• _Material for this task_:
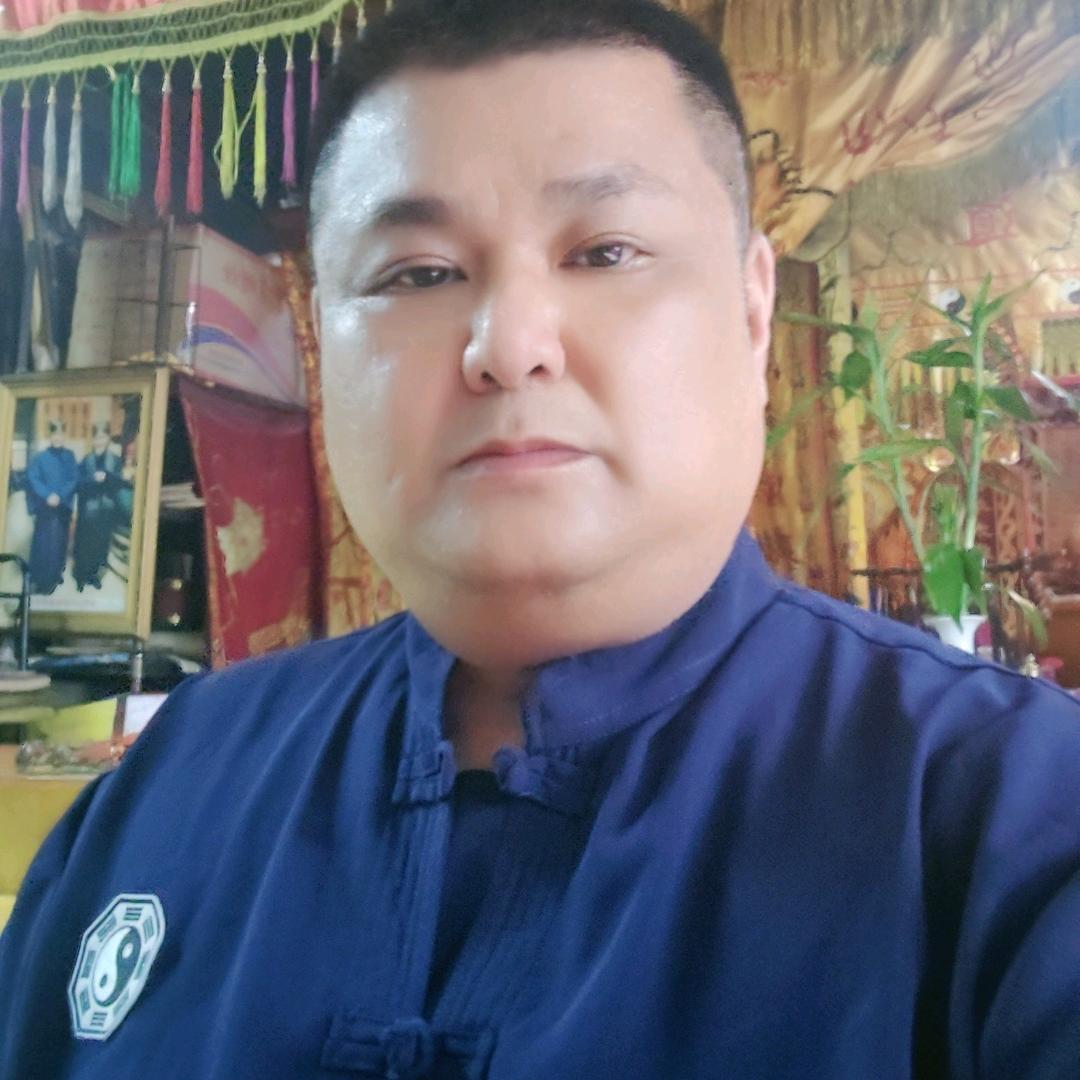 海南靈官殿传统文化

--

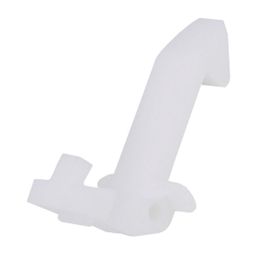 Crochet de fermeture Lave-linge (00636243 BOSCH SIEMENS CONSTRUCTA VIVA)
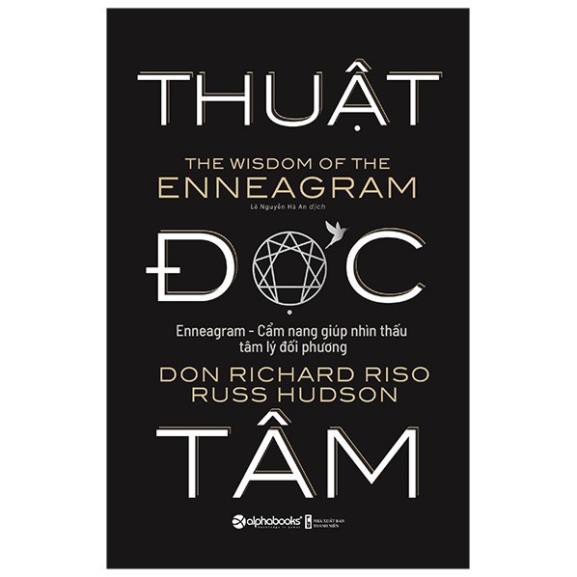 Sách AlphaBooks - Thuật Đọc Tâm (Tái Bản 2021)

• _Exercise_:
The lines to set down run from the line with "Crochet de fermeture" up to and including the line with "Sách AlphaBooks - Thuật" in the entries above. Reproduce them exactly, with no pictures.

• _Problem solution_:
 Crochet de fermeture Lave-linge (00636243 BOSCH SIEMENS CONSTRUCTA VIVA)
 Sách AlphaBooks - Thuật Đọc Tâm (Tái Bản 2021)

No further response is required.